# Exercise:
Below are records with pictures; copy word for word only the lines between the line with "Hey guys, so" and the line with "Now we're moving", inclusive, and drop the pictures.

# Provided information:
-- Opening Marker --

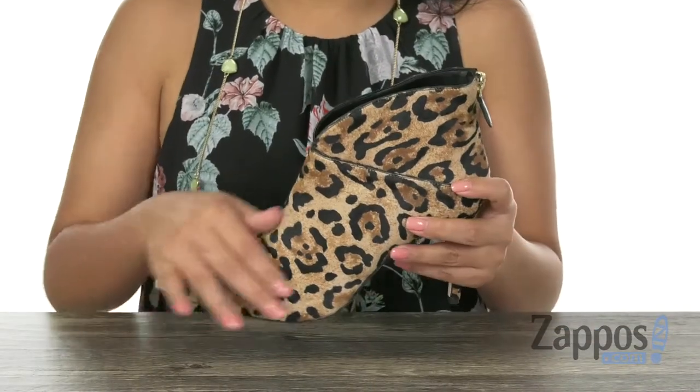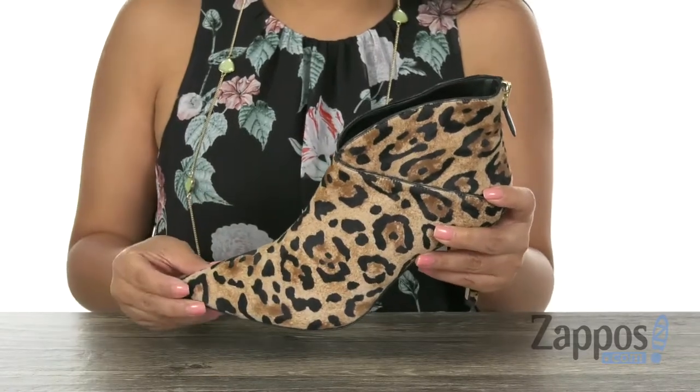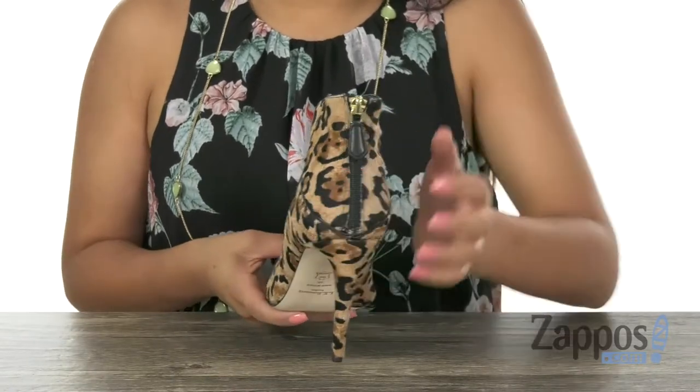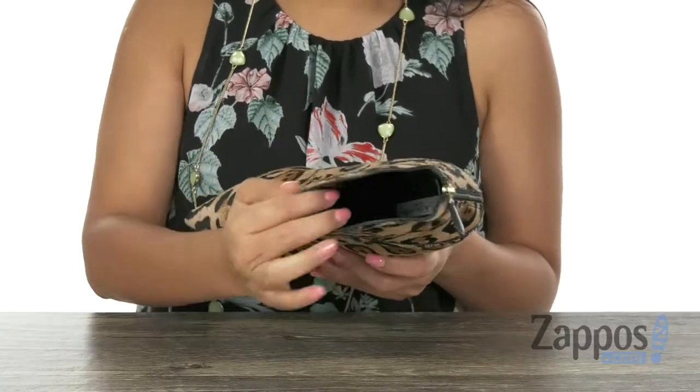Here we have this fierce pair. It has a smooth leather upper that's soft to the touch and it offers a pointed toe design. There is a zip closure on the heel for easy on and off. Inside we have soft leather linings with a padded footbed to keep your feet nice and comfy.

-- Closing Marker --
-- Opening Marker --

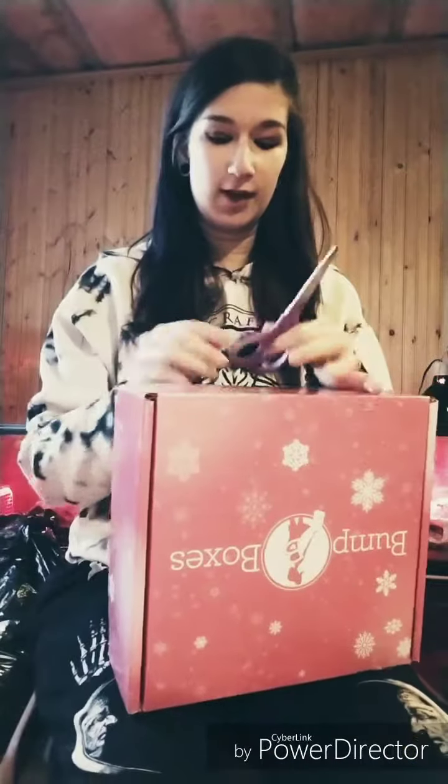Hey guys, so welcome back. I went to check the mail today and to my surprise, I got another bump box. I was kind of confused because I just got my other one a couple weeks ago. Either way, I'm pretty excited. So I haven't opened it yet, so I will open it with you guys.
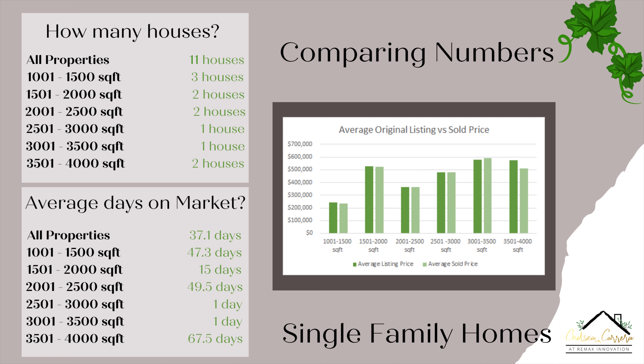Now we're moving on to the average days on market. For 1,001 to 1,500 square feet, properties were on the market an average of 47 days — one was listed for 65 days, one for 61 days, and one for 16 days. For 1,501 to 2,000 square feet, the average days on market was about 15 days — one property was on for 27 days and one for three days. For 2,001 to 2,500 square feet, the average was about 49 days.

-- Closing Marker --

# Output of the exercise:
Hey guys, so welcome back. I went to check the mail today and to my surprise, I got another bump box. I was kind of confused because I just got my other one a couple weeks ago. Either way, I'm pretty excited. So I haven't opened it yet, so I will open it with you guys.
Now we're moving on to the average days on market. For 1,001 to 1,500 square feet, properties were on the market an average of 47 days — one was listed for 65 days, one for 61 days, and one for 16 days. For 1,501 to 2,000 square feet, the average days on market was about 15 days — one property was on for 27 days and one for three days. For 2,001 to 2,500 square feet, the average was about 49 days.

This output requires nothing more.